In the meantime, the leader in e-cigarettes, the American Juul, associated with the tobacco giant Altria, has voluntarily stopped selling its fruit, mango or cucumber flavors in the United States, leaving only the tobacco and menthol flavors (in other countries, the brand continues to sell other flavors).

Donald Trump and the industrialists have all stood behind the solution of raising the minimum age to 21 years.

Anti-smoking and vaping activists remained scandalized by this compromise.

"Juul and Altria have seized the issue of 21 for their own vile reasons, to cover up their battle against the ban on flavored e-cigarettes," said Matthew Myers, president of Campaign for Tobacco-Free Kids. , bete noire of cigarettiers.

The age threshold of 18 did not prevent generations of adolescents from obtaining alcohol and cigarettes, recalls Rob Crane, president of the Preventing Tobacco Addiction Foundation, because controls and sanctions against businesses have always been insufficient.

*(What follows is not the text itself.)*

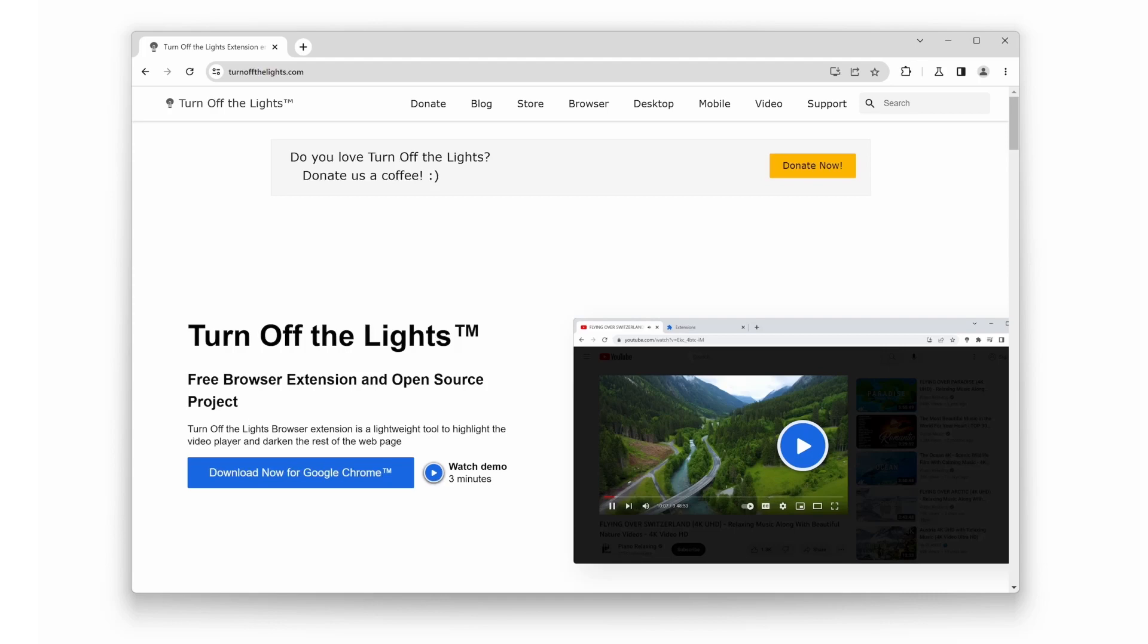Welcome to our channel. In today's video, we'll be discussing the differences between the Turn Off the Lights Chrome Extension Beta and its stable version. Whether you're a user seeking new features or contemplating which version to install, we've got you covered. Let's jump right in.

He blames the American drug agency, the FDA, which has authority over tobacco. "His neglect of vendor controls is one of the reasons that 5.2 million American college and high school students regularly inhale highly concentrated nicotine," said Rob Crane.

The FDA, which had promised new e-cigarette regulations for the fall, appeared to be paralyzed since President Trump's resignation in November.